Furthermore, the application of disinfectants on specimens reduces the microbial bioburden as we discussed earlier. Therefore, when collecting environmental monitoring samples, personnel should begin with Grade A locations and then move on to areas that are away from technical apparatus but still within the controlled zone.

This grade system is applicable in cases where processors and products are exposed during transportation, or operations that are required to be performed outside of sealed compartments. Grade B is commonly of high purity but does not necessarily involve laminate air flow. So the trick here lies in maintaining airflow to a certain speed. Essentially, imagine the onion concept: each time a layer of the onion is peeled, the amount of particulate or contaminated risk to the product is reduced.

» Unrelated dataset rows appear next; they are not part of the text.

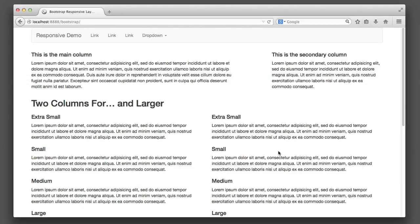Hello, everyone. In this video, we will learn the basics of creating responsive web layouts using the popular framework Bootstrap.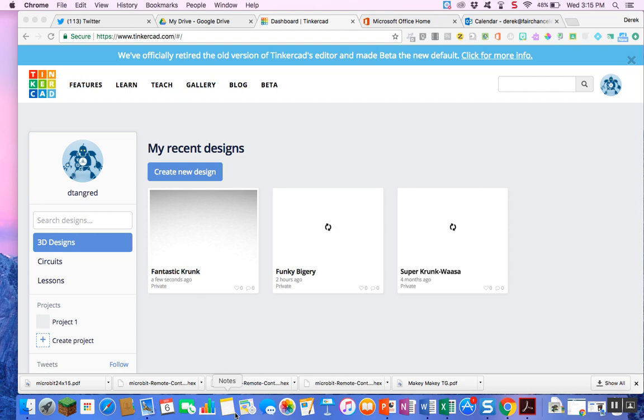Hey everyone, this is Derek Tangretti, Director of Integrated STEAM Education with Fair Chance Learning. I just wanted to go over a quick tutorial in relation to Tinkercad and how we can print using a Dremel 3D printer.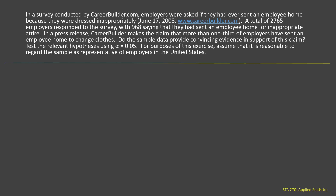In a survey conducted by CareerBuilder.com, employers were asked if they had ever sent an employee home because they were dressed inappropriately. A total of 2,765 employers responded to the survey, with 968 saying that they had sent an employee home for inappropriate attire. In a press release, CareerBuilder makes the claim that more than one-third of employers have sent an employee home to change clothes. Do the sample data provide convincing evidence in support of this claim?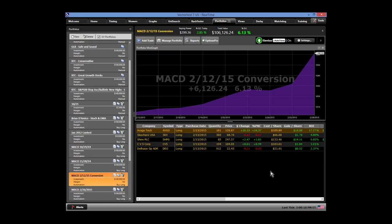On average, that MACD technique can return around 25% a year with very minimal drawdown, based on all the examples I've done over the past year and a half with live audiences.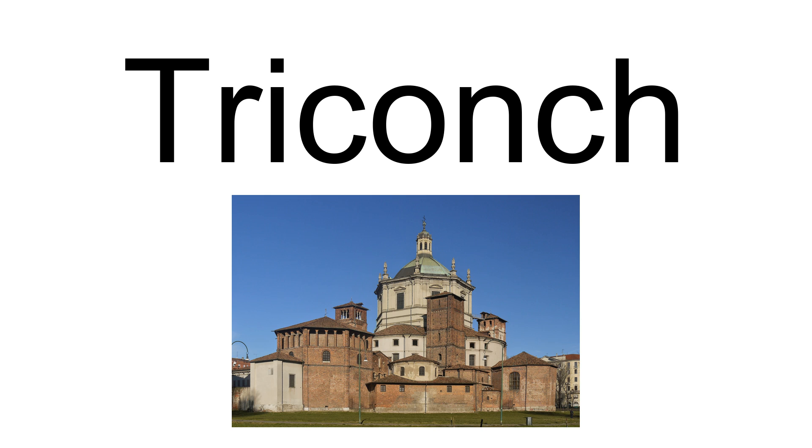Many churches of both types have been extended, especially to the west by addition of narthex, so that they came to resemble more conventional basilica-type churches. The church in Istanbul of St. Mary of the Mongols is an example.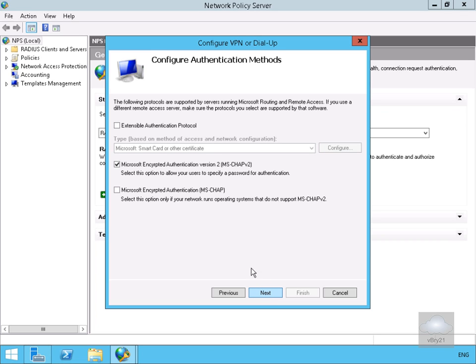As we've got a purely Microsoft network we're going to go for the Microsoft encrypted authentication version 2 and select next.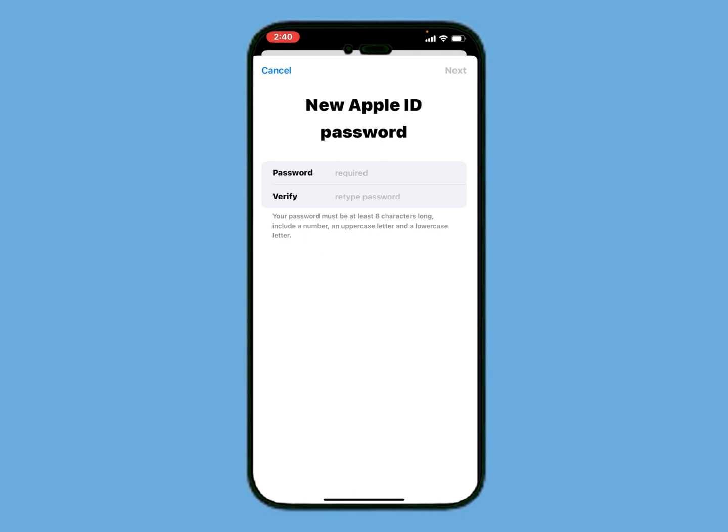You can see on screen the 'New Apple ID Password' prompt. Your password must be at least eight characters long, include a number, an uppercase letter, and a lowercase letter. Simply enter your new password.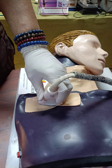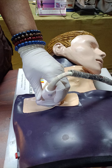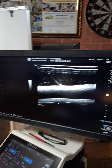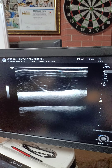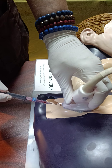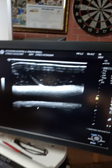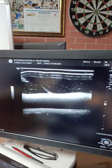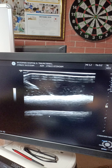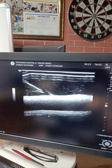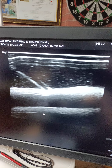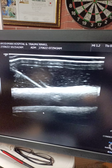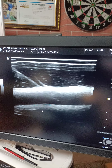Place the probe just below the clavicle to visualize the subclavian vessel — as you can see on the screen, this is our vessel. I will be demonstrating the in-plane approach. The needle is at an angle of 45 degrees. Focus on the screen — you should be able to see both the vessel wall and the needle. The needle is slowly advancing, and now it is hitting the vessel wall to enter the lumen. You can see the needle tip as it moves.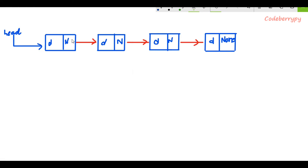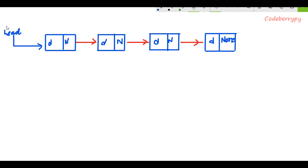This is an example of a singly linked list which contains four nodes. Each node is linked to the previous node and there is a one-way path from left to right. From the first node you can go to the second node, from the second node to the third, and from the third to the fourth. At the start there is a head which references the first node. Each node is divided into two parts: the first part is data and the second part is next.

For any sales or financial operative, however, this all costs money and clean rooms are an expensive market already. The integration of new technology and efficient solutions has ignited consideration of future controlled environmental procedures to limit the number of air changes per hour. Can future systems be both more efficient and challenge the tradition of multiple air changes and still ensure constant clean air? This is a radical thought and not on the agenda yet, but with a global drive for efficiency and cost-saving mechanics already found within homes and our cars, is there a need for such ideas to be infused as part of the life science debate? A future model to strive for would be to find an energy efficient procedure of controlled environments that maintains the right quality and temperature at the lowest price possible. The future of pharmaceutical trends in the clean room is exciting.